For the more than 10,000 Utahns who are recipients of DACA—the Obama-era program that protects young undocumented immigrants from deportation—the future remains unclear.
Both sides of Congress have vowed to fix DACA before a March deadline imposed by President Donald Trump. Many expect that fix would come before the holidays but it was put on the back burner as attention turned to taxes.
In the meantime, DACA recipients are losing legal status ever day.
“[About] 12,000 have already lost their permits, so I think it’s urgent but I don’t think people understand the urgency," says Ciriac Alvarez, a DACA recipient living in Utah.
Alvarez says she was able to renew her status recently for another two years but many of her friends were not as lucky.

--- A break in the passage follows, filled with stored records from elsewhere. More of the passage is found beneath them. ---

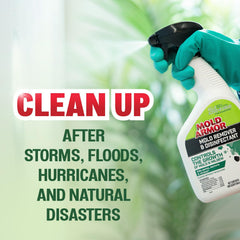 Ready-to-use disinfectant cleaner for mold control from Mold Armor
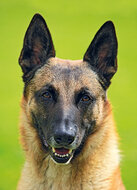 Hundepostkarten - Hunde karten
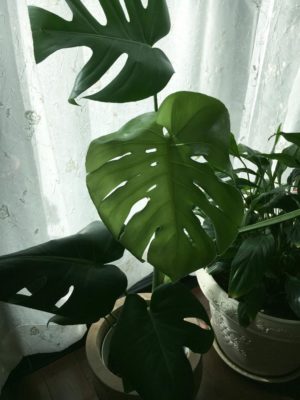 Photo by なつこさん@GreenSnap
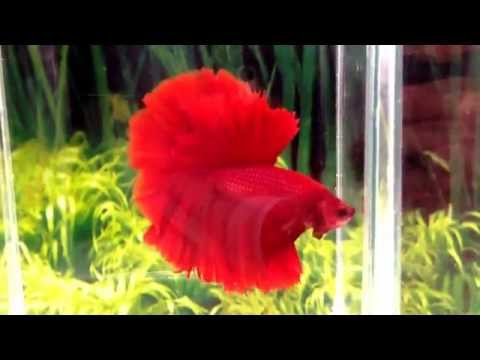 Red rose tail HM Halfmoon male Betta fish.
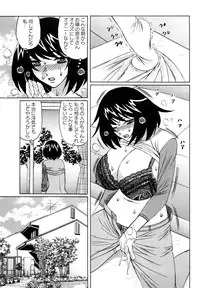 [Yamamoto Yoshifumi] Ane Plus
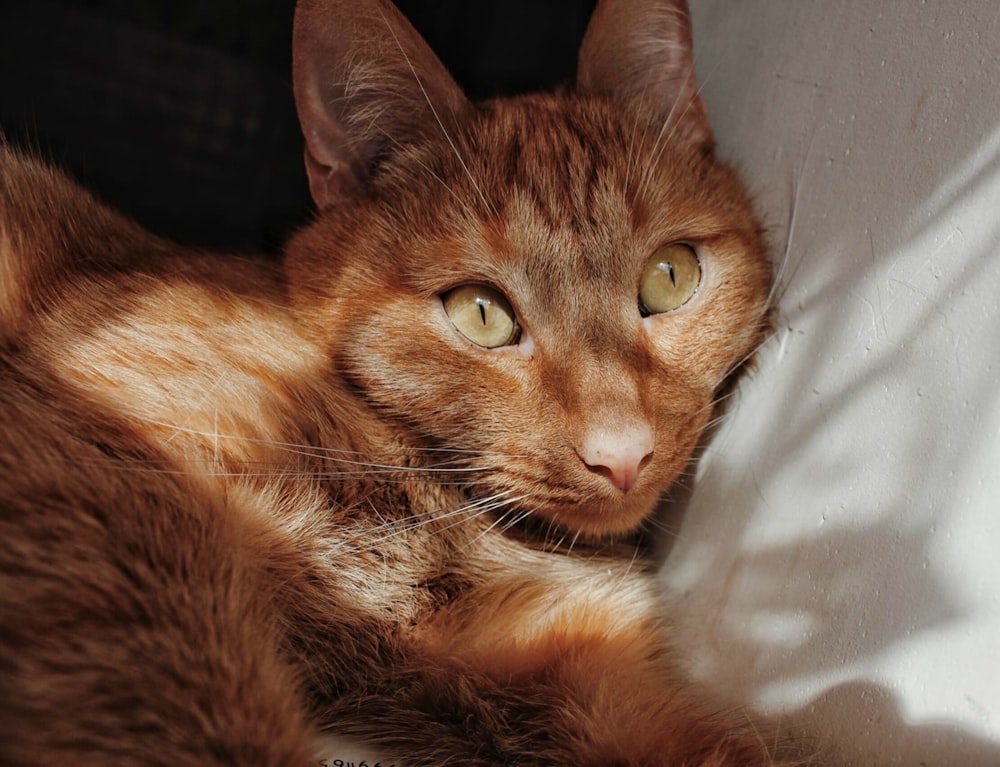 gato marrón acostado sobre tela blanca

Most of Utah’s congressional delegation has spoken out in support of DACA recipients like Alvarez. Republican Rep. Mia Love joined other colleagues to urge House Speaker Paul Ryan to prioritize a resolution, but they decided to fund the government through the middle of January without it.

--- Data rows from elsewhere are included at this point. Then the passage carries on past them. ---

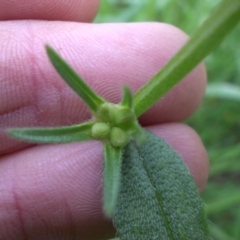 Buglossoides arvensis at Campbell, ACT - 10 Oct 2016 02:25 PM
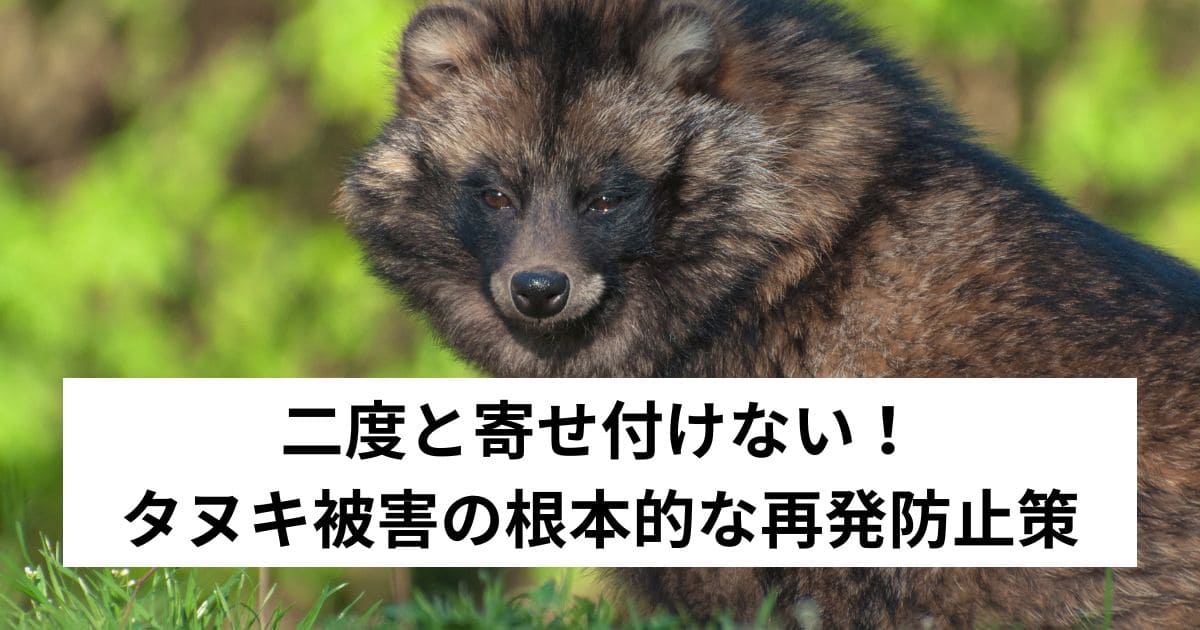 二度と寄せ付けない！タヌキ被害の根本的な再発防止策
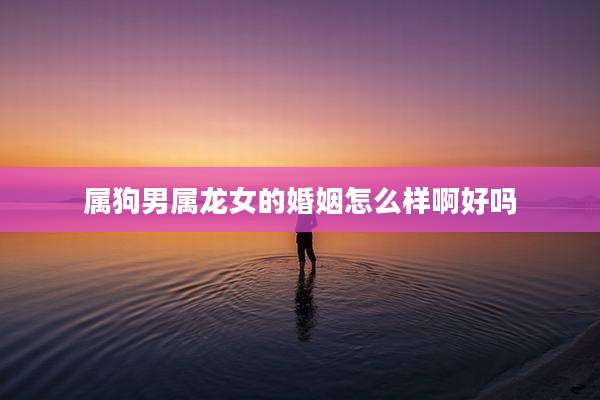 属狗男属龙女的婚姻怎么样啊好吗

Alvarez worries that while many in congress voice support for recipients like her, they’re also pushing for stricter immigration law and boarder enforcement. She says there isn’t a clear cut distinction.
“At the end of the day, they’re our family members, they’re the people who have raised us," says Alvarez. "They’re our uncles, our aunts, our neighbors, our friends.”
Alvarez says whatever negatively affects them will also negatively affect DACA recipients like herself.